Jim Hume column: Church-run residential schools left a shameful legacy

CANADA
Times Colonist

They found the bodies in the slush and ice of Fraser Lake. Four children, aged eight and nine, lying according to Canadian Press reports huddled in each others arms “capless and lightly clad,” frozen in the final dark embrace of a January night. The temperature was -30 C.

Maurice Justice and Allen Willie were eight years old. Johnny Michael and Andrew Paul were nine. All four were runaways from the harsh confines of the church-run Lejac Residential School. It was Jan. 2, 1937, when their bodies were found roughly six miles from the school and less than one from the Nautley Reserve, which was their believed destination. They had just wanted to go home.

On Feb. 19, the Times Colonist published another CP story, this one bearing the headline “Residential-school deaths topped 3,000: study.” The “study” is being conducted by the Truth and Reconciliation Commission with research manager Alex Maass making public preliminary residential-school-death lists.
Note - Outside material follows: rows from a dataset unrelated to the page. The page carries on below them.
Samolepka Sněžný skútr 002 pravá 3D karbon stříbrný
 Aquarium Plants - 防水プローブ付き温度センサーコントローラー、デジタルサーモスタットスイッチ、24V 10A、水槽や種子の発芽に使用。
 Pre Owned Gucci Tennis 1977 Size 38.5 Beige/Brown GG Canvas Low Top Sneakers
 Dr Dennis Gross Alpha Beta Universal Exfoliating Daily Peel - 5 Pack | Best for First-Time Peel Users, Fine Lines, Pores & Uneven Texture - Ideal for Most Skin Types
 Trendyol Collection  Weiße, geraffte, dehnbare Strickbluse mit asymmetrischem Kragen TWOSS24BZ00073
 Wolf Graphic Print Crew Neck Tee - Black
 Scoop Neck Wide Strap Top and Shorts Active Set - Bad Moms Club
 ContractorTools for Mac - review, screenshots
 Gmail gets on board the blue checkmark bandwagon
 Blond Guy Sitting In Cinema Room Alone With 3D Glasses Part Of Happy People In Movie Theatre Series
To date, the count stands at 3,000, but Maass told CP it would undoubtedly rise as she and fellow workers continue their search through thousands of archived documents. The true count will never be known, because annual reports on school deaths ceased in 1917. Maass says it had obviously become policy to no longer report them.

While the preliminary report is careful to name disease the largest single killer of residential school children, Maass notes: “The schools were a breeding ground for TB. Dormitories were incubation wards.” And never more so than when the great influenza epidemic swept the world in 1918-19, and infected children were left in school dormitories to become innocent carriers of death.